# EXERCISE:
The stretch wanted below opens at the line containing "MattMeUp Matte Paste" and closes at the line containing "Olympique Lyonnais 🇫🇷". Please return it exactly, with no other lines.

# INPUT:

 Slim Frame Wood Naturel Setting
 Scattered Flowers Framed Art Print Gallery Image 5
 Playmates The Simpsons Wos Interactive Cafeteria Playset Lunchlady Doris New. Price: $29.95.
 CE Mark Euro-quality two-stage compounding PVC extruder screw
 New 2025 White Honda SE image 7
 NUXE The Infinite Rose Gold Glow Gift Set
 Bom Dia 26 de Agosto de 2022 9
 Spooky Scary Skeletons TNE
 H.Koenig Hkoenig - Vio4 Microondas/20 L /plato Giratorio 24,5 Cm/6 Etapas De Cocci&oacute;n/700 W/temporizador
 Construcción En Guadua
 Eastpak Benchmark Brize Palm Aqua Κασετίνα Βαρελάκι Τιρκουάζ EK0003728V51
...
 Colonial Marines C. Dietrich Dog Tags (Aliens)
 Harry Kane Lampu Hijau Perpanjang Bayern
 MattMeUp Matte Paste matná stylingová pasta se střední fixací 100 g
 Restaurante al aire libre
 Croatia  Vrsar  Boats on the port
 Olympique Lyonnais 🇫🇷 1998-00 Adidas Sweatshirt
==
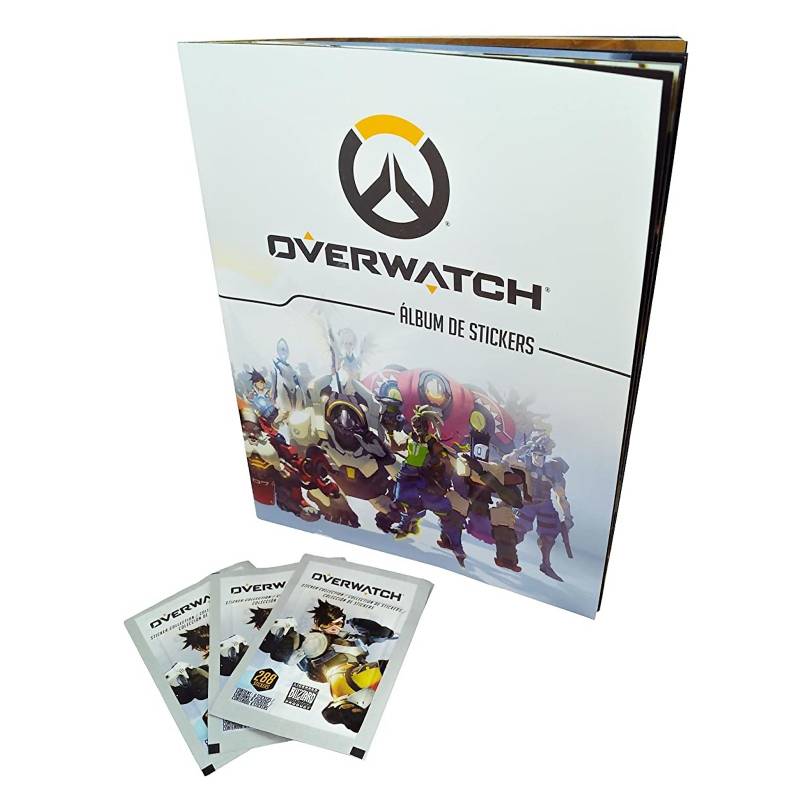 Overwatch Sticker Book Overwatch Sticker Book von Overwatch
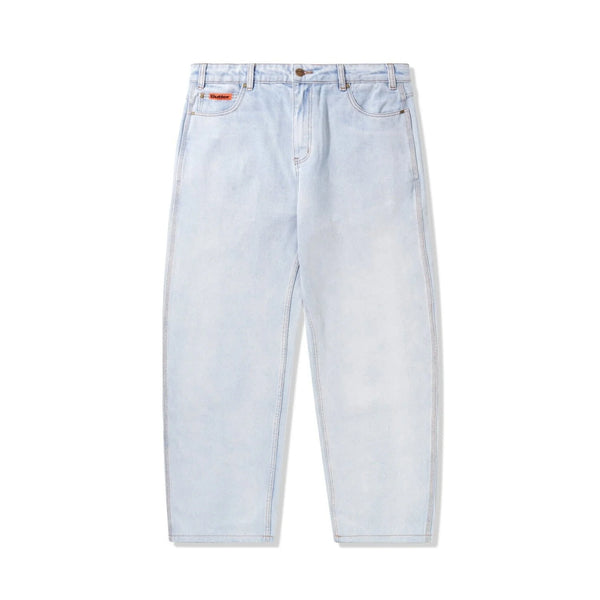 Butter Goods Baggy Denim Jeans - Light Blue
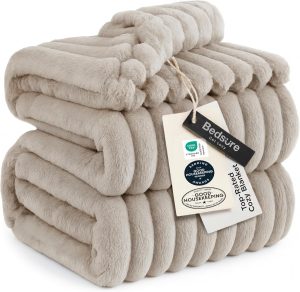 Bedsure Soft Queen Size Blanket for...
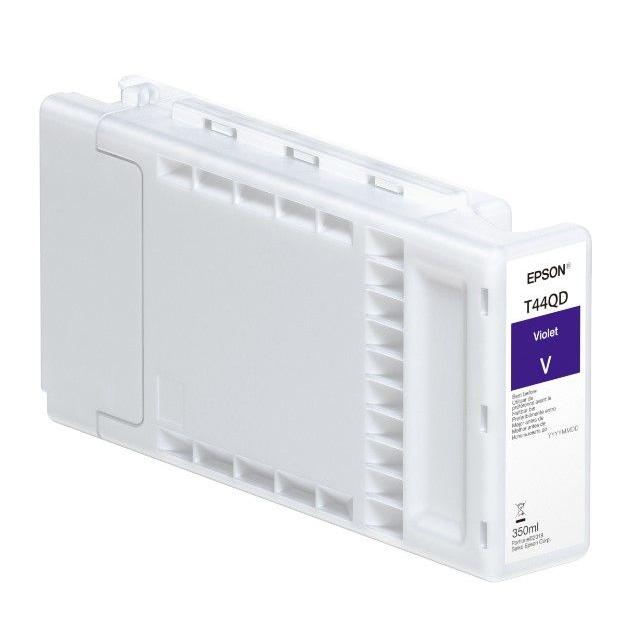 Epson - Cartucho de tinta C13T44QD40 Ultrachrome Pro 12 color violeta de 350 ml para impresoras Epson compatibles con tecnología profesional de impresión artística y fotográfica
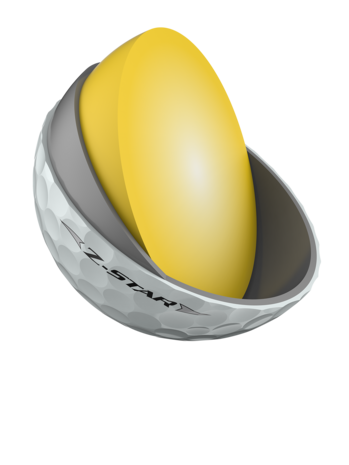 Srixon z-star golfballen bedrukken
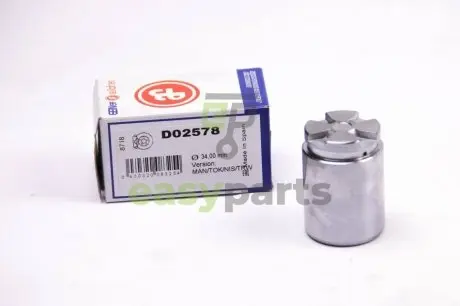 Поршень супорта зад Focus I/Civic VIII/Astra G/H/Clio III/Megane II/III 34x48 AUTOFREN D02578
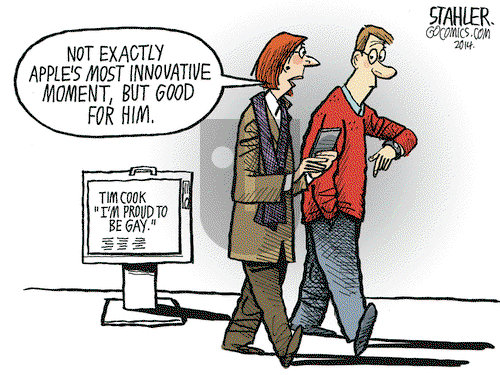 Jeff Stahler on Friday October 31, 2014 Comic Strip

# EXERCISE OUTPUT:
 MattMeUp Matte Paste matná stylingová pasta se střední fixací 100 g
 Restaurante al aire libre
 Croatia  Vrsar  Boats on the port
 Olympique Lyonnais 🇫🇷 1998-00 Adidas Sweatshirt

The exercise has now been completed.